Keeping in mind that I am not a lawyer, and therefore this should not be regarded as legal advice (for which one should seek out a qualified professional in the relevant jurisdiction)...
I see the following faults with this add:
1. No such instrument exists. It doesn't show up in google searches anywhere.
Perhaps it is just their own name for something that measures current. Current is measurable. Them giving some fancy sounding name to it is not likely to be regarded as fraud.
2. No references are made to the length of the cables subjected to this test nor is the diameter of the cables ever mentioned.
Leaving out facts is not the same as fraud, which involves falsehoods. If they are talking about, let us say for example, mile long cords, then it would be irrelevant to real world use, but that would not make the claim false, and therefore not fraud. (It would just make the claim irrelevant, not false.)

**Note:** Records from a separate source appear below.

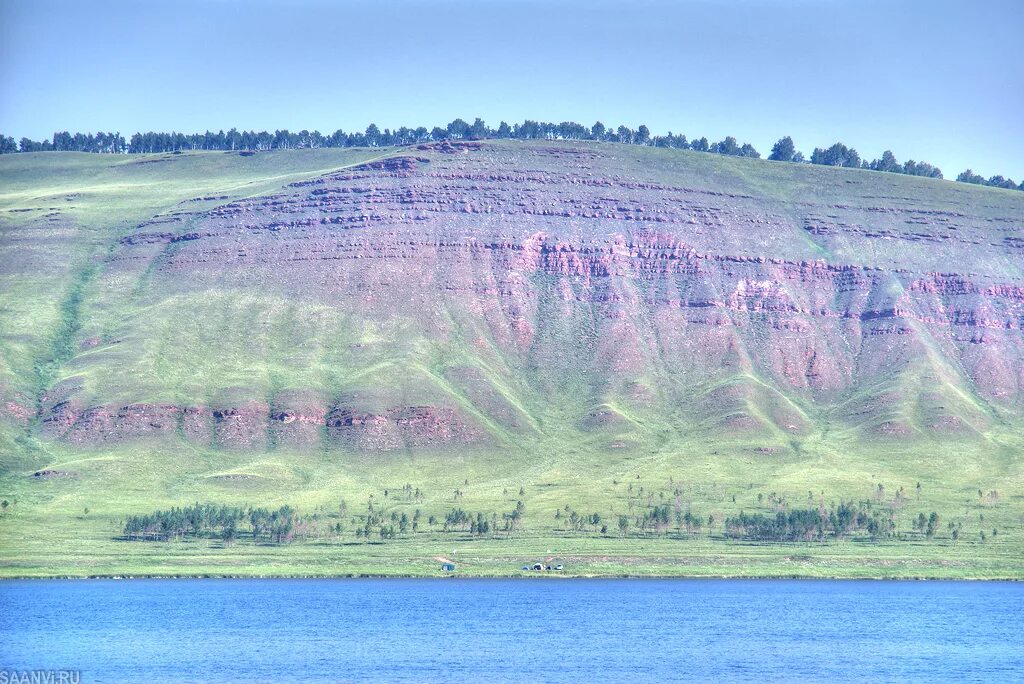 Озеро Учум с горы. Учум Красноярский край. Озеро Учум Хакасия. Учум Ужурский район.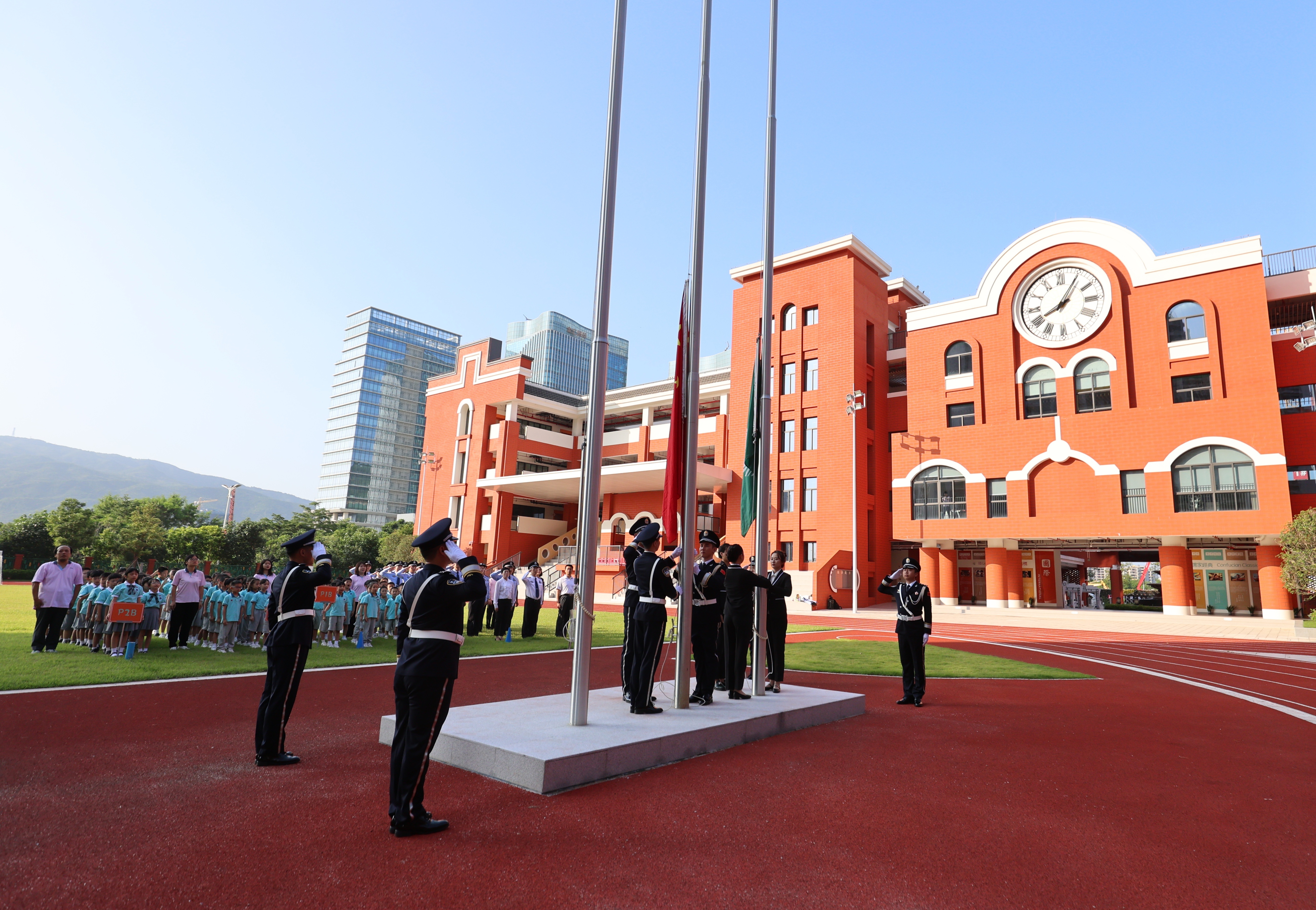 升旗仪式现场。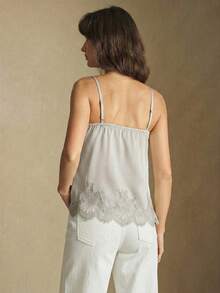 BizChic 2026新款可调节细肩带不对称蕾丝拼接缎面吊带背心，百搭实用，适合办公室、正式场合、休闲场合、浪漫场合、Y2K风格、90年代复古风、派对、婚礼宾客、伴娘、女主人、日常穿着。 - 淺灰色 - 查看 2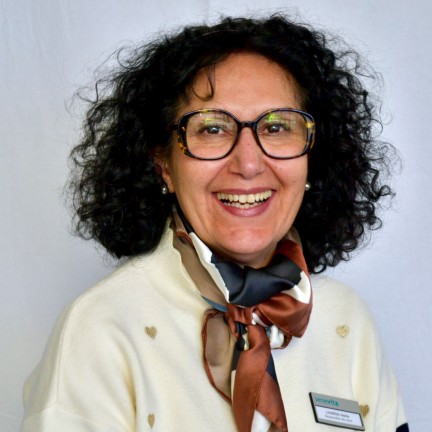 Nadia Lharras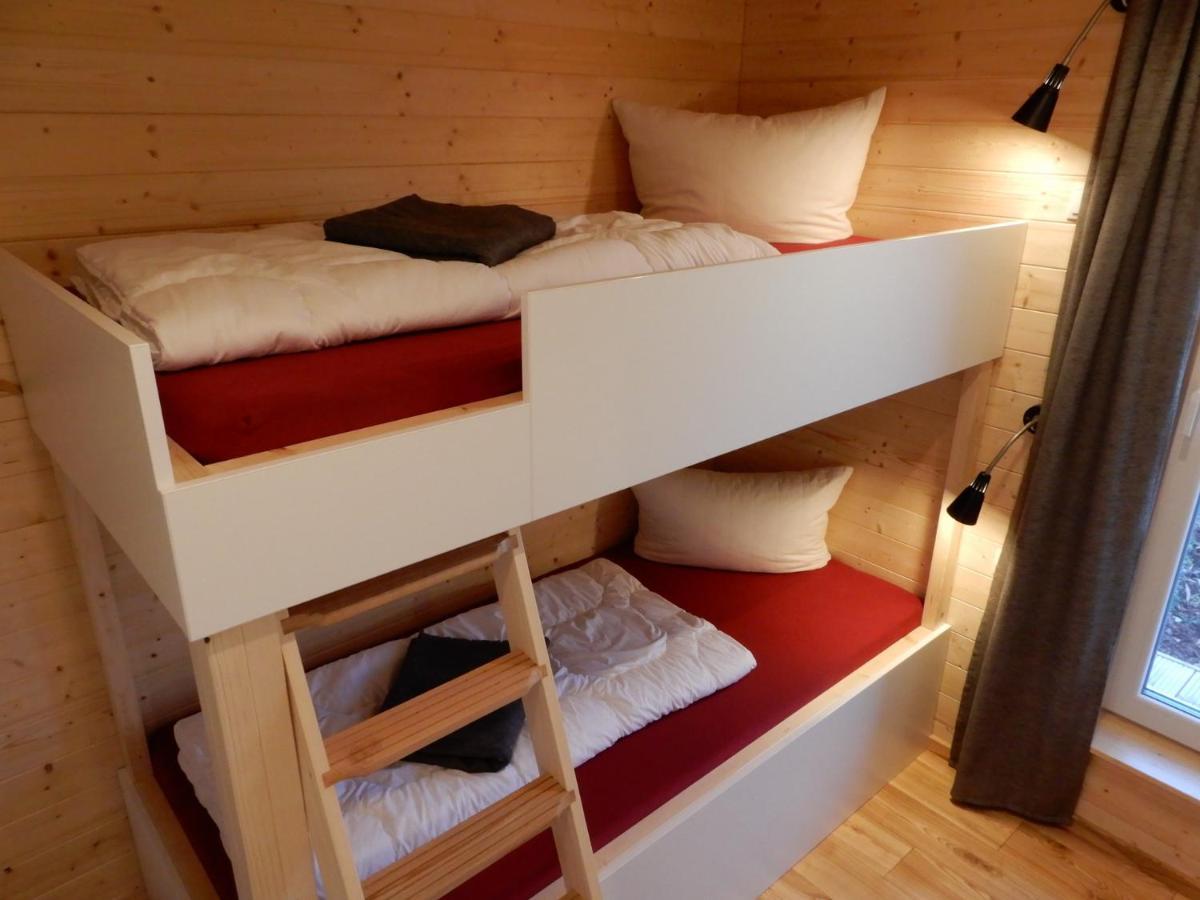 Schwarzes Holzferienhaus mit Sauna in Zierow -- SONNENECK -- 500m zum Ostsee-Strand, 4 - 6 Personen Exterior foto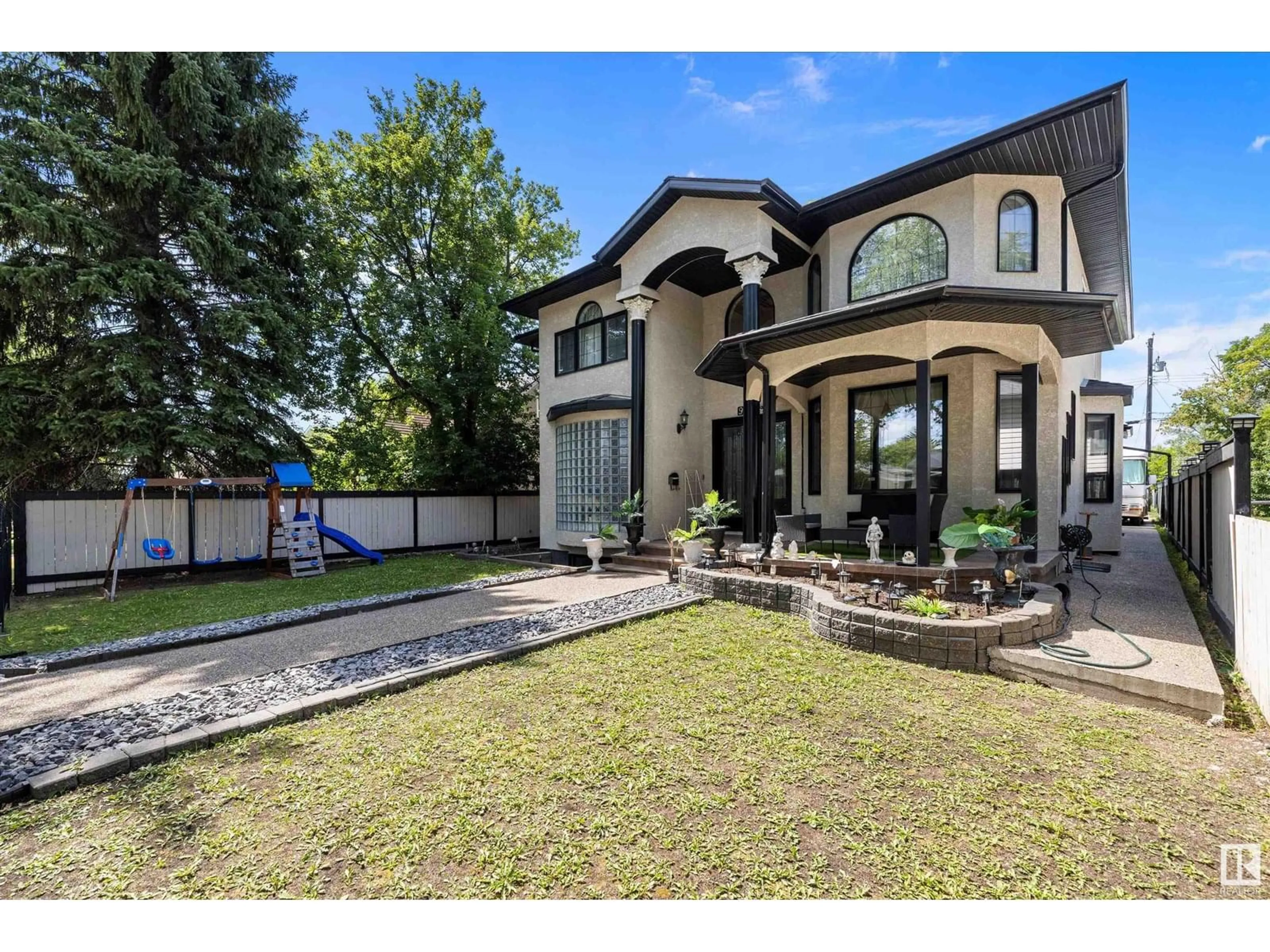 Unknown for NW - 9544 154 ST, Edmonton Alberta T5P2E9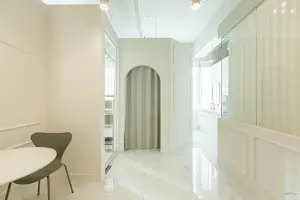 아치형 피팅룸과 유리파티션의 모던 필라테스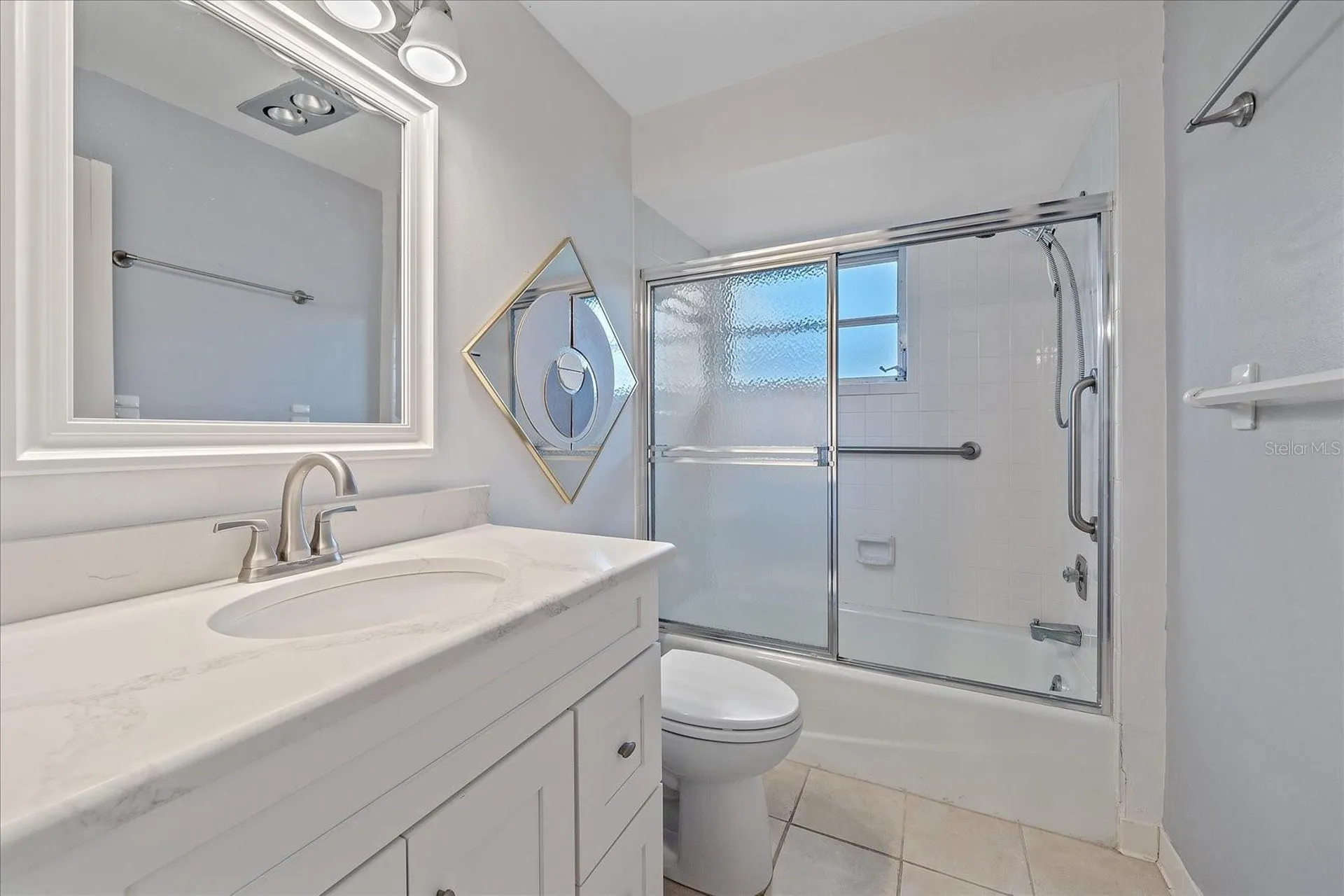 7077 W Country Club Drive N Sarasota FL 34243
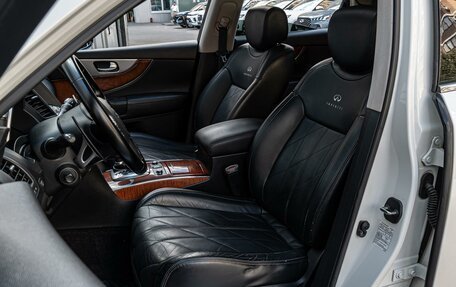 Infiniti QX70, 2014 год, 2 150 000 рублей, 10 фотография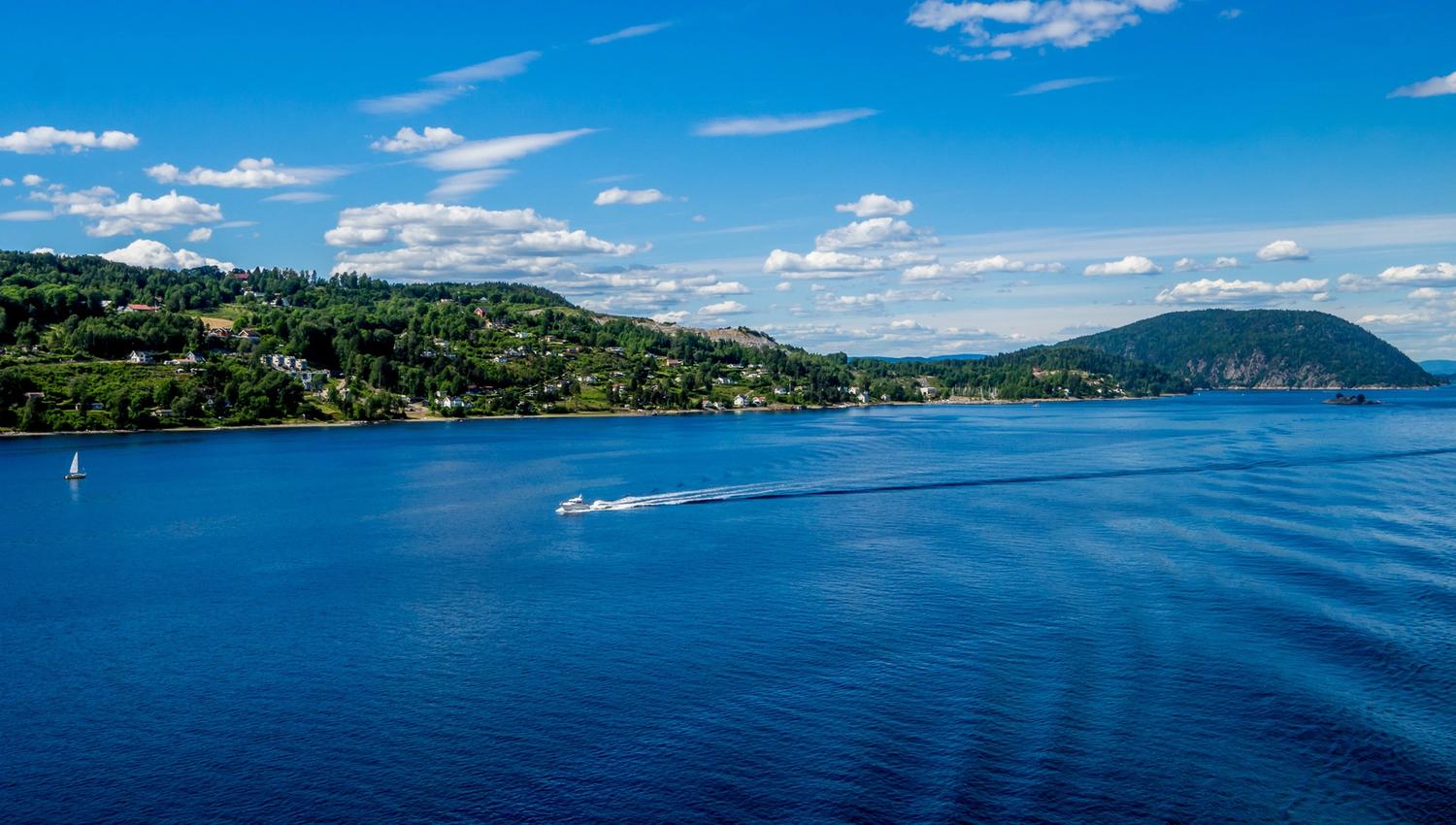The boat in the fjord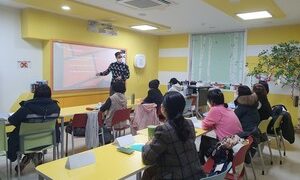 충북국제교육원 ‘우리동네 글로벌 학부모어학당’ 인기 < 교육 < 기사본문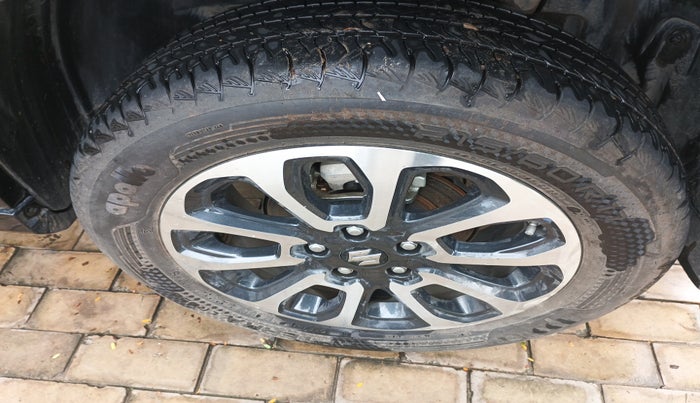 2023 Maruti Grand Vitara ALPHA SMART HYBRID AT, Petrol, Automatic, 21,292 km, tyre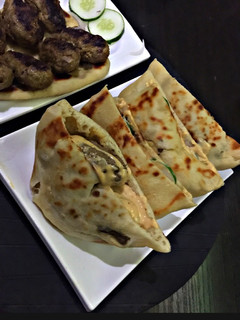 A picture of Beef kebab Pita pockets.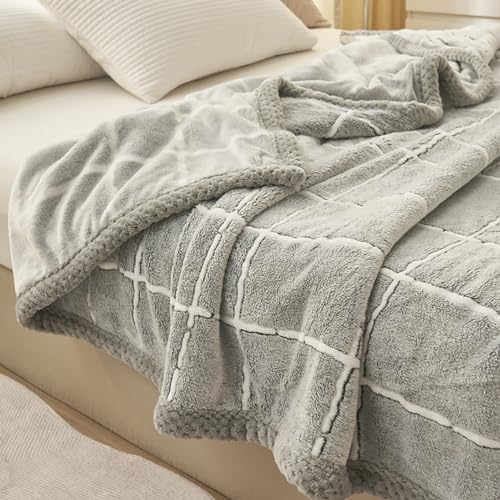 Plaid en flanelle douce idéal pour les soirées sur le canapé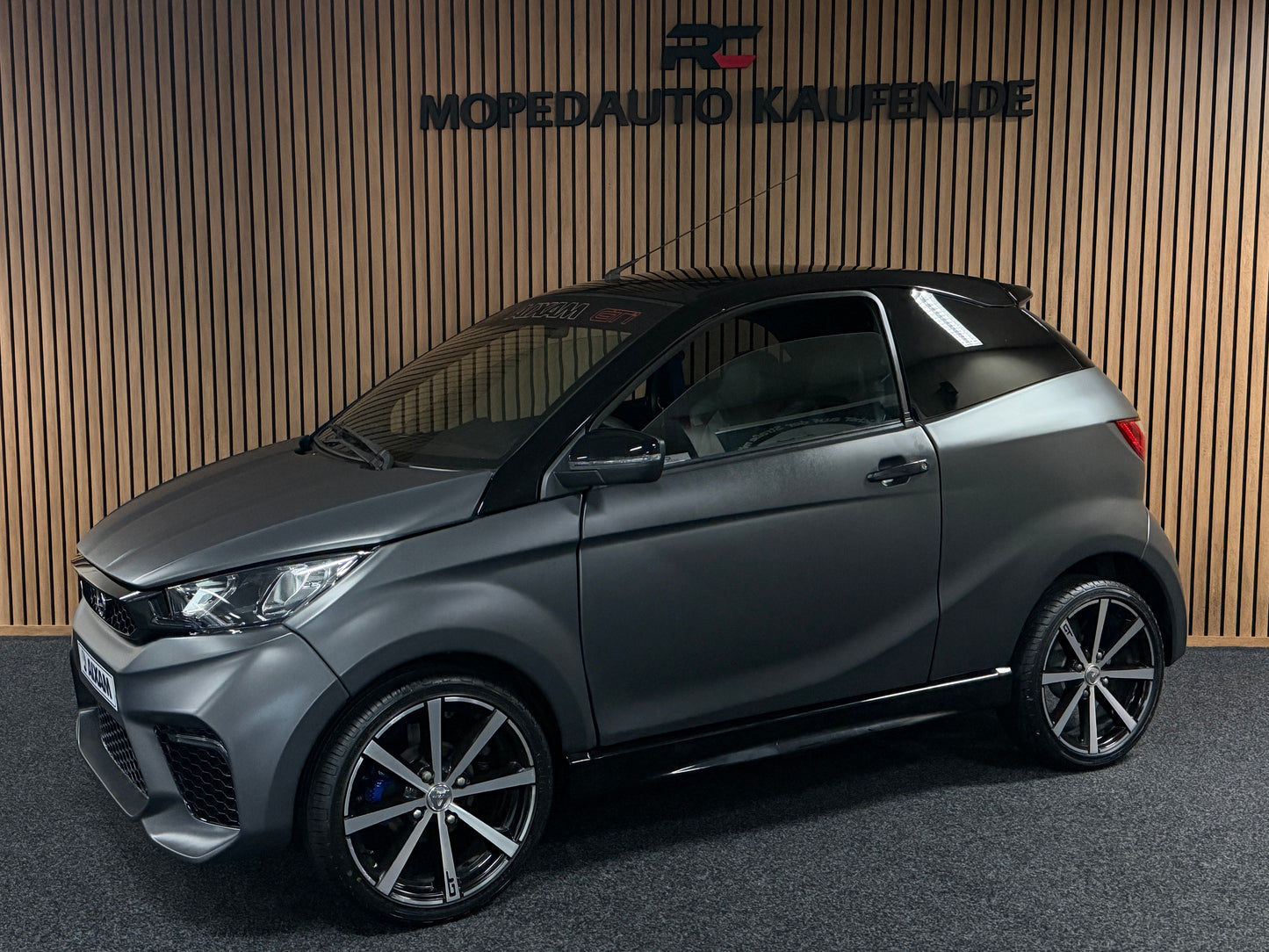 Aixam GTI Coupe Matt Grau 2023 / Apple Carplay / Spotify / DAB+ | 8 PS Kubota Motor | 45 km/h | Rückfahrkamera | Innerhalb 250 KM Kostenlose Lieferung | Mopedauto | Leichtmobile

3. Both graphs fail to indicate a valid x axes. Sure its labelled in mircoseconds but how many mircoseconds have passed. One million microseconds = 1 second.
That seems to indicate that the graph is literally not saying anything, but only appears to be saying something. A sentence devoid of meaning is not fraud. A meaningless graph, being meaningless, is not asserting any falsehoods, and consequently is not fraud.
4. The Y axes on the voltage graph is missing absolute voltage. There isn't any scale of measure.
Same response as to 3 above.
The left graph depicting current:
There is no power chord on earth that plugs into a regular house outlet capable of carrying 225 amps of sustained current. The fuses/circuit breakers in your electrical panel are rated to trip at 20 to 25 amps worst case. Most are rated 15 amps. (can't remember the current rating for the fuse on the dedicated electrial range circuit. I believe its 40 but not quite sure) Anyway, its far less than what the graph depicts.
Yes. What the power cord does or does not do at 225 amps is totally irrelevant to any real world use. But irrelevant facts, as long as they are true, do not constitute fraud.
Maybe the arguement is its short term current. Ok. Maybe it is. Maybe the current spike only last for a few 100th of a microsecond. The curve would be a totally different shape then whats depicted by this company BS graphs. Also, it takes longer than several microseconds to charge up the filter capacitors used in electronics power supplies so any advantages of this chord is lost to the chargiing times of the filter capacitors.
i think their pulling this out of their collective ar?es.
I think you have done two things quite well. You have shown what is wrong with their claims, and you have shown that it is not "fraud", at least as far as we can tell from these few bits of information (they may, of course, have committed fraud in some other part of their website or advertisements, and they may have some of their irrelevant facts wrong as well which might constitute fraud).
So, they definitely seem to be sleazy, but what they are doing does not appear to be fraud. Basically, companies can say many misleading things that are not fraud, and therefore are not subject to violations of laws concerning fraud.
For those who are too lazy to click on the link I already provided:
Common law fraud has nine elements:[2][3]
- a representation of an existing fact;
- its materiality;
- its falsity;
- the speaker's knowledge of its falsity;
- the speaker's intent that it shall be acted upon by the plaintiff;
- plaintiff's ignorance of its falsity;
- plaintiff's reliance on the truth of the representation;
- plaintiff's right to rely upon it; and
- consequent damages suffered by plaintiff.
Most jurisdictions in the United States require that each element be pled with particularity and be proved with clear, cogent, and convincing evidence (very probable evidence) to establish a claim of fraud.
http://en.wikipedia.org/wiki/Fraud
If only some of those apply, but not all of them, then it is not fraud. And that is forgotten in the normal everyday use of the term "fraud", which is broader and looser than the legal meaning of the term. Very often, unscrupulous people skirt the law by saying things that do not state any matter of fact, but appear to do so, or state irrelevant facts, as if they supported the conclusion that they want the buyer (or, equivalently, sucker) to believe. Neither meaningless sentences nor irrelevant facts constitute fraud, and so they are generally safe from prosecution with either of those approaches.